The same month five other children, all under ten years of age, went missing from the same unauthorised colony.

“Some were picked up on their way from schools, others in the market place and a girl from the area never returned home from the nearby playground where she was last seen playing with her friends from the same locality.’’

After their child (Kajol) went missing Raj Kumar and his wife, who have four other children and sell second-hand clothes for a living, did the usual rounds of the police station, local leaders and even participated in a protest held by parents of missing children at Jantar Mantar organised by a non-government organisation some years ago.

“Sadly it all amounted to nothing. We have no news about our girl. Some say she might have been pushed into prostitution and it is a thought that does not allow us to sleep at night. I can’t remember the last time I saw my wife smile. The fear of what our child is undergoing does not let us rest. It feels like some body is choking us all the time,’’ says a tearful Raj Kumar.

Thirteen children go missing each day from the Capital, according to the Delhi Government’s reply to a Right to Information Report sought by non-government organisation Bachpan Bachao Andolan, working in the area of child rescue.

Deena Nath, who works in the area of child rescue with Bachpan Bachao Andolan, says: “Areas in Delhi which have unauthorised colonies, or where the concentration of migrant workers is high, report the maximum number of missing children. Though the police have become a lot more sensitive to the issue now and are prompt in registering a first information report, there is a lot that can be done in terms of follow-up action. ”

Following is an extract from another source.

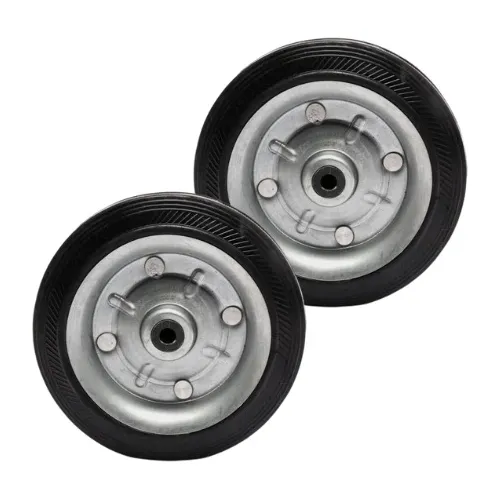 Rueda Para Carrito Goma/metal 2 Unidades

Rakesh Senger of Bachpan Bachao Andolan says: “Areas of Delhi including Jahangirpuri, Sangam Vihar, Mandalawi have seen the maximum number of children going missing in the past few years. These are areas where the migrant population from Bihra, Uttar Pradesh and West Bengal is very high. People come in here because of the acute poverty that they face back home. They come to Delhi in the hope of a better living and even good education for their children. Once in the Capital they are forced to stay in slum clusters without any social security and their children immediately become vulnerable to crimes against them.’’

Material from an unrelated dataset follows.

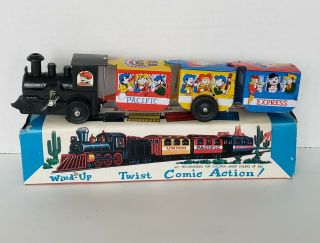 Union Pacific Express Vintage Tin Wind - Up Toy Train Korea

Former member of a Child Welfare Committee, Delhi, Mr. Raj Mangal Prasad says: “The parents are prompt to report a missing child, the police too plays role but it is the lack of co-ordination between the six Child Welfare Committees monitoring eleven districts in the Capital that fails these children. There is an urgent need to rectify this anomaly.’’

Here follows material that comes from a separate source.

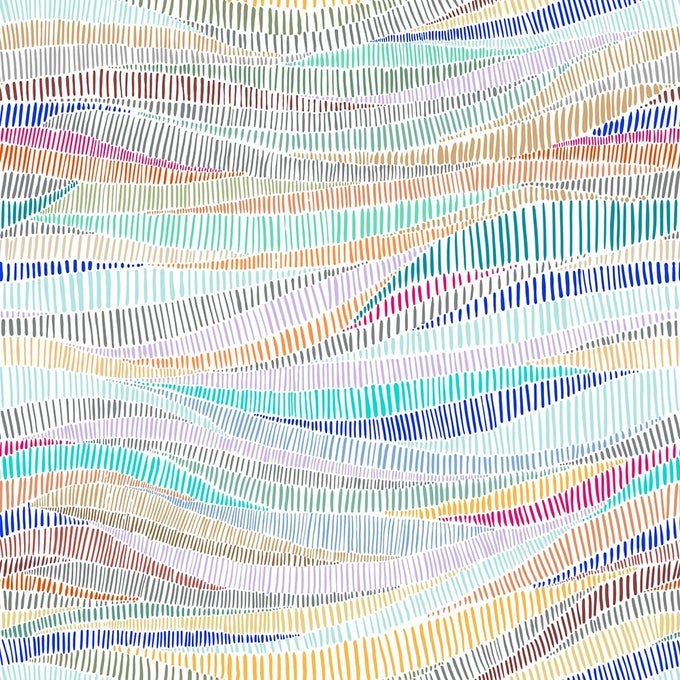 COLORFUL GEOMETRICAL WAVE MOSAIC MODERN PEEL AND STICK WALLPAPER SELF ADHESIVE REMOVABLE EASY PEEL OFF STICK ON WALL PAPER FOR BEDROOM CABINET RENTER FRIENDLY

And it is probably this inability of the Government to act in time, apathy of the police and the lack of co-ordination between the vigilance and supporting agencies that has caused so much anguish to the parents of Sonu, who has been missing from the Jahangirpuri A-block area of Delhi for the past three years.

His mother Lilawati says: “My husband runs a small shop in the area. After our son went missing we did everything in our power to look for him. He was around 6-7 years old when he went missing. The police helped us in registering a case but after that nothing much has been heard from them. When we go to politicians they tell us that they have to worry about missing children across the country and that our case was just one of the many that comes to them. We now don’t know which agency to turn to for help. Sadly no one is really looking for a poor man’s missing child.’’

Same is the case with Depali who went missing from Jahangirpuri A-block two years ago. Depali’s father Ram Kewal, who works as a rickshaw-puller, says: “What can a poor man do. In case he goes looking for his child who is missing what he will earn for his family. I have three other children to look after and after running around for two years looking for my daughter I now we feel defeated. My poverty has forced me to abandon the search for my child. ’’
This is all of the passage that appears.